INSTRUCTIONS FOR THE TASK: Could you restate word for word only the lines below from the one holding "Wood Ring and" to the one holding "Vestido Infantil Laise", inclusive, and leave out the pictures?

PROVIDED ENTRIES:
◇ ◇ ◇ ◇ ◇
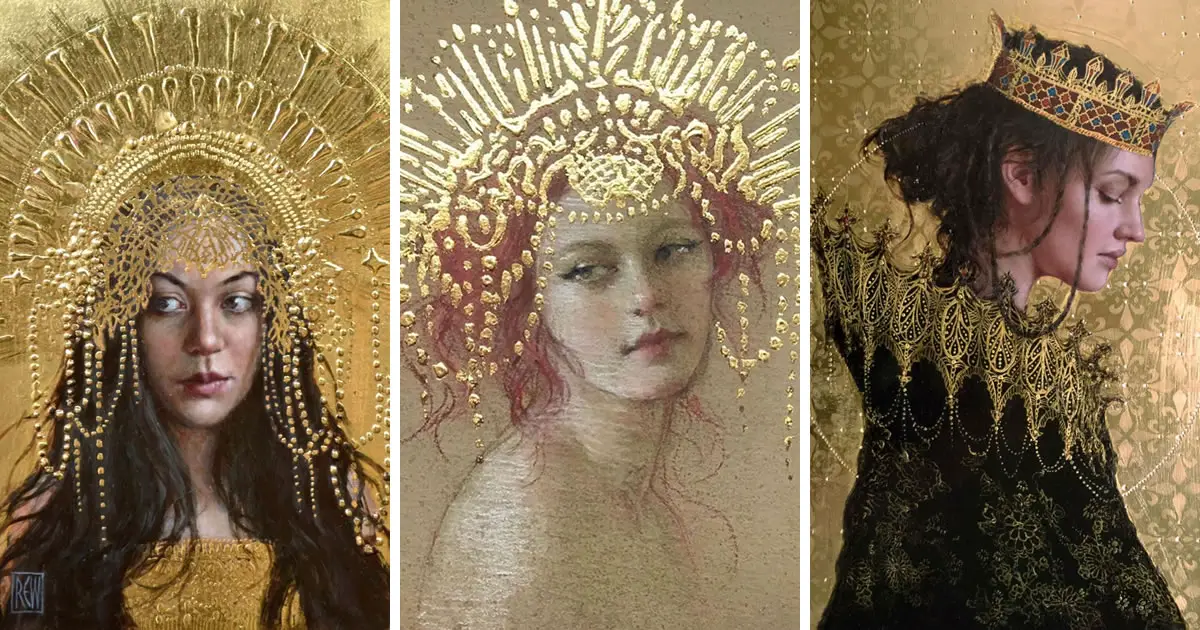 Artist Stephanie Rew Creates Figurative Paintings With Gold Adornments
◇ ◇ ◇ ◇ ◇
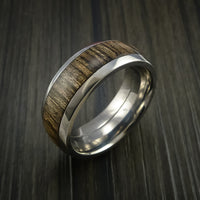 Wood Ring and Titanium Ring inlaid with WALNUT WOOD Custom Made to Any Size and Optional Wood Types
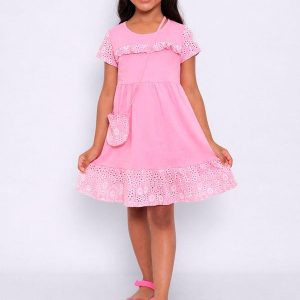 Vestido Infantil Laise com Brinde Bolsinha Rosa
◇ ◇ ◇ ◇ ◇
SOLUTION FOR THIS TASK:
 Wood Ring and Titanium Ring inlaid with WALNUT WOOD Custom Made to Any Size and Optional Wood Types
 Vestido Infantil Laise com Brinde Bolsinha Rosa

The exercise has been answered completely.